**WHAT TO PRODUCE**
Reproduce without any pictures the lines from the one that contains "a hotel room" through the end of the records, exactly as written.

**RECORDS FOR PROCESSING**
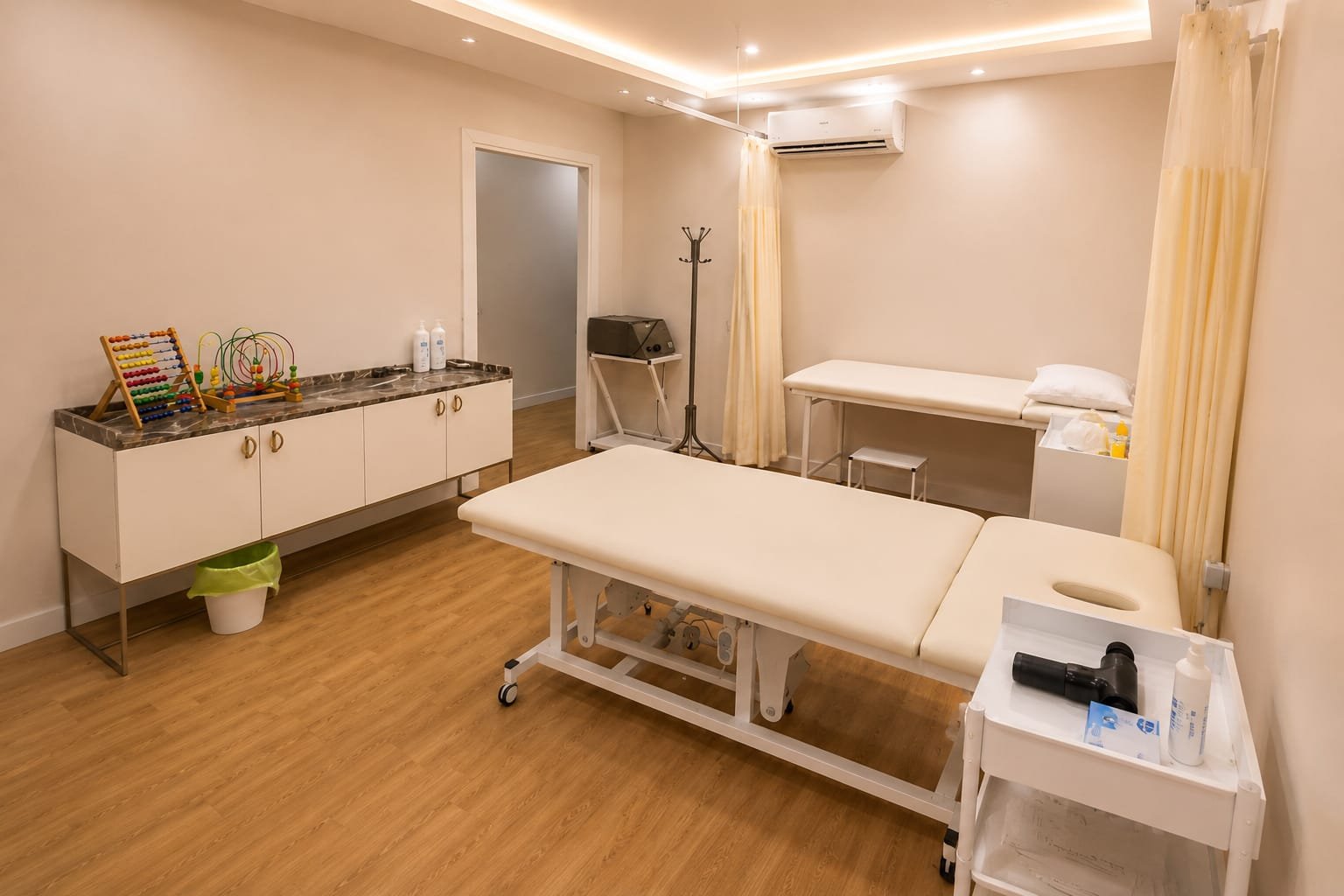 Pediatrik rehabilitasyon odası; tedavi masaları ve çocuk etkinlik köşesi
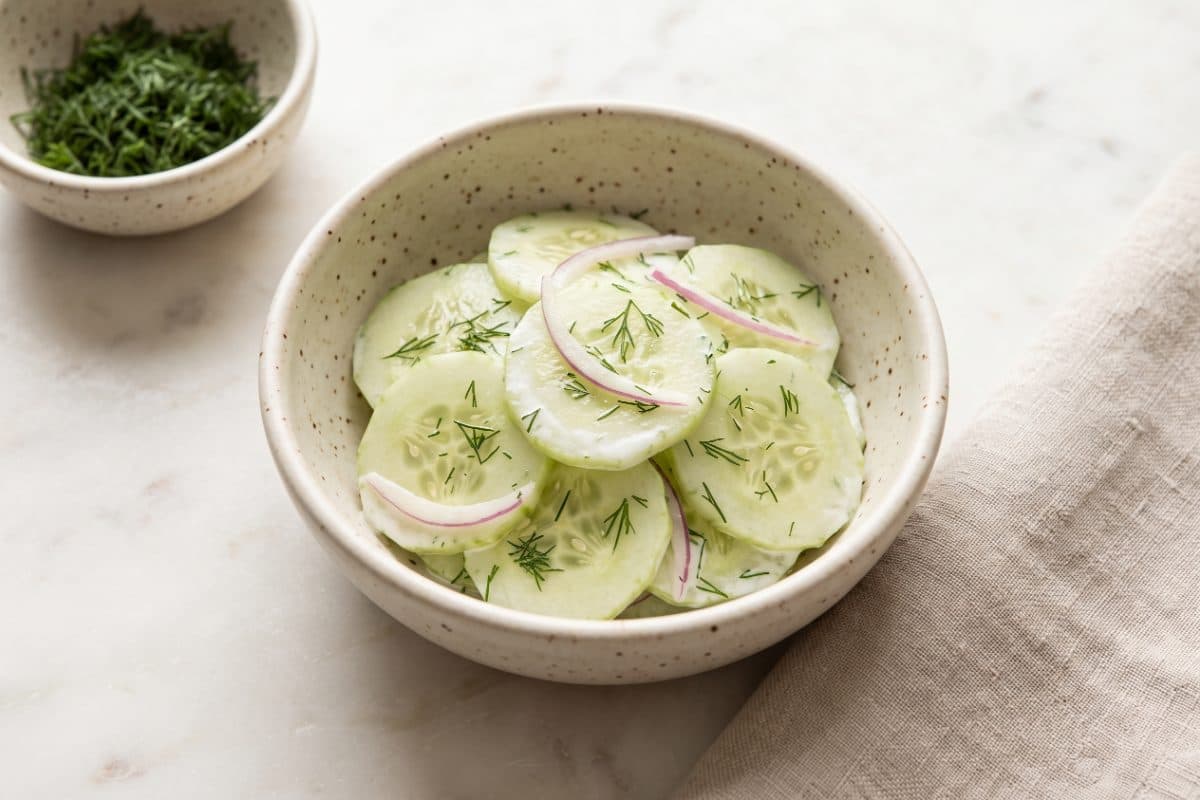 Cucumber Dill Salad, finished with dill, served as one portion in a speckled cream bowl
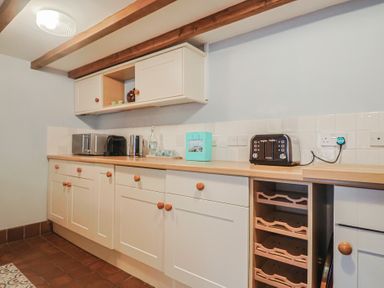 A kitchen with cabinets and appliances at Riverdance Cottage in Lyme Regis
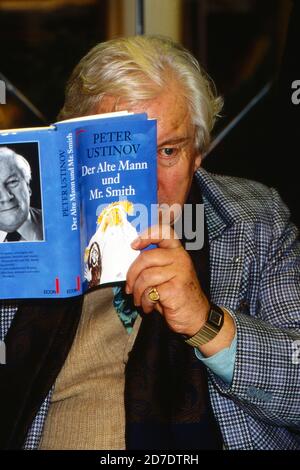 Sir Peter Ustinov versteckt sich bei einer Lesung hinter seinem Buch 'der alte Mann und Mr Smith', Deutschland 1991. Stockfoto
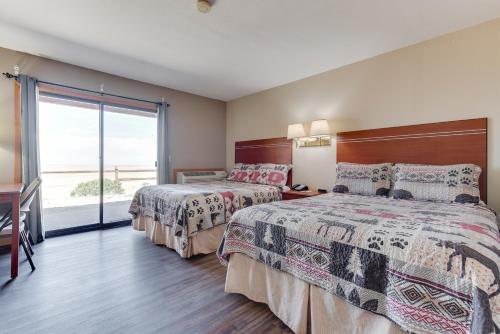 a hotel room with two beds and a large window at Great Sand Dunes Lodge in Mosca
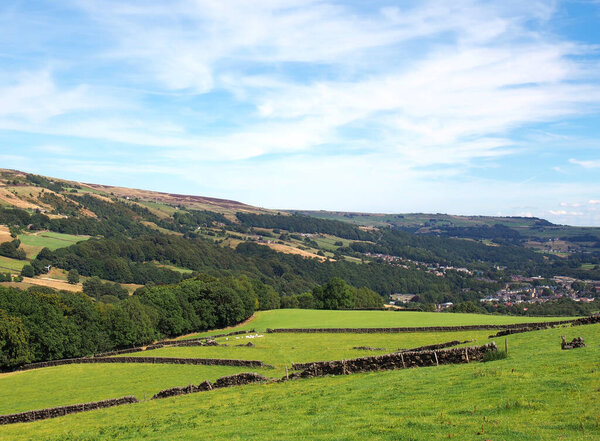 view of the calder valley in calderdale west yorkshire with the village of mytholmroyd visible in the distance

**FINAL ANSWER**
 a hotel room with two beds and a large window at Great Sand Dunes Lodge in Mosca
 view of the calder valley in calderdale west yorkshire with the village of mytholmroyd visible in the distance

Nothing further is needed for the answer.